### Task
Copy exactly, please, the line that has "Braided Leather Rope" in it along with every line after it to the end of the listing.

### Supplied entries
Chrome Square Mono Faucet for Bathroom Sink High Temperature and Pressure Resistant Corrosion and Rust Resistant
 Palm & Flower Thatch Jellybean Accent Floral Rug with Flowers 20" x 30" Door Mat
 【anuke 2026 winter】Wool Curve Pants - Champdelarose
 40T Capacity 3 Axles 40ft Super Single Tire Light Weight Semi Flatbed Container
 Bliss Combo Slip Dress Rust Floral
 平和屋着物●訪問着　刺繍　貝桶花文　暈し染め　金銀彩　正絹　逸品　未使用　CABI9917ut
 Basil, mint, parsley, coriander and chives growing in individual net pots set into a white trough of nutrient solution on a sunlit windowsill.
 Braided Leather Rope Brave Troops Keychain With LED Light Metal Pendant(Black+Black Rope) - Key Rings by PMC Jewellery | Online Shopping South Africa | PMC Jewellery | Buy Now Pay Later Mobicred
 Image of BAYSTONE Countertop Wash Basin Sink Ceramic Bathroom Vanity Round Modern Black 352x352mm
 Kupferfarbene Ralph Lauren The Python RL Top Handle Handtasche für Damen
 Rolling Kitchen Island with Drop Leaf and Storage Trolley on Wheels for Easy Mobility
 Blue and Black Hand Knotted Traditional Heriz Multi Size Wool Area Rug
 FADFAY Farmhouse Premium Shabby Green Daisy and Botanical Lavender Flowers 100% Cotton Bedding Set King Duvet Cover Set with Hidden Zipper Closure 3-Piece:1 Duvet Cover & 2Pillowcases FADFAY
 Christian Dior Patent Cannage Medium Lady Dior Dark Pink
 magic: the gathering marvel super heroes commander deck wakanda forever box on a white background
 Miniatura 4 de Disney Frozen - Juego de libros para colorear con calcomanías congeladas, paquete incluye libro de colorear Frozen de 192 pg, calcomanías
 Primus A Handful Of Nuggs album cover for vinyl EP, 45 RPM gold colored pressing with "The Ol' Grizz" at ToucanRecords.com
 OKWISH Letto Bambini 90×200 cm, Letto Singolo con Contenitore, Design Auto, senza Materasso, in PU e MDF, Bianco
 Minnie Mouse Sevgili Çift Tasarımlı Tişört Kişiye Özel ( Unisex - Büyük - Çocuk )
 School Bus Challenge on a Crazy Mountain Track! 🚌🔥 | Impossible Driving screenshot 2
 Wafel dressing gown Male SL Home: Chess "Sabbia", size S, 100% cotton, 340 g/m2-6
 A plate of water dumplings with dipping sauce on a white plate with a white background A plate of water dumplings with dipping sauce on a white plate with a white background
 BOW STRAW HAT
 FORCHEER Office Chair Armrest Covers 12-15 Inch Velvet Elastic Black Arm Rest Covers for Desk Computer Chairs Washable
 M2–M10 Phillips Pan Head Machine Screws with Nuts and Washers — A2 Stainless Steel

### Reply
 Braided Leather Rope Brave Troops Keychain With LED Light Metal Pendant(Black+Black Rope) - Key Rings by PMC Jewellery | Online Shopping South Africa | PMC Jewellery | Buy Now Pay Later Mobicred
 Image of BAYSTONE Countertop Wash Basin Sink Ceramic Bathroom Vanity Round Modern Black 352x352mm
 Kupferfarbene Ralph Lauren The Python RL Top Handle Handtasche für Damen
 Rolling Kitchen Island with Drop Leaf and Storage Trolley on Wheels for Easy Mobility
 Blue and Black Hand Knotted Traditional Heriz Multi Size Wool Area Rug
 FADFAY Farmhouse Premium Shabby Green Daisy and Botanical Lavender Flowers 100% Cotton Bedding Set King Duvet Cover Set with Hidden Zipper Closure 3-Piece:1 Duvet Cover & 2Pillowcases FADFAY
 Christian Dior Patent Cannage Medium Lady Dior Dark Pink
 magic: the gathering marvel super heroes commander deck wakanda forever box on a white background
 Miniatura 4 de Disney Frozen - Juego de libros para colorear con calcomanías congeladas, paquete incluye libro de colorear Frozen de 192 pg, calcomanías
 Primus A Handful Of Nuggs album cover for vinyl EP, 45 RPM gold colored pressing with "The Ol' Grizz" at ToucanRecords.com
 OKWISH Letto Bambini 90×200 cm, Letto Singolo con Contenitore, Design Auto, senza Materasso, in PU e MDF, Bianco
 Minnie Mouse Sevgili Çift Tasarımlı Tişört Kişiye Özel ( Unisex - Büyük - Çocuk )
 School Bus Challenge on a Crazy Mountain Track! 🚌🔥 | Impossible Driving screenshot 2
 Wafel dressing gown Male SL Home: Chess "Sabbia", size S, 100% cotton, 340 g/m2-6
 A plate of water dumplings with dipping sauce on a white plate with a white background A plate of water dumplings with dipping sauce on a white plate with a white background
 BOW STRAW HAT
 FORCHEER Office Chair Armrest Covers 12-15 Inch Velvet Elastic Black Arm Rest Covers for Desk Computer Chairs Washable
 M2–M10 Phillips Pan Head Machine Screws with Nuts and Washers — A2 Stainless Steel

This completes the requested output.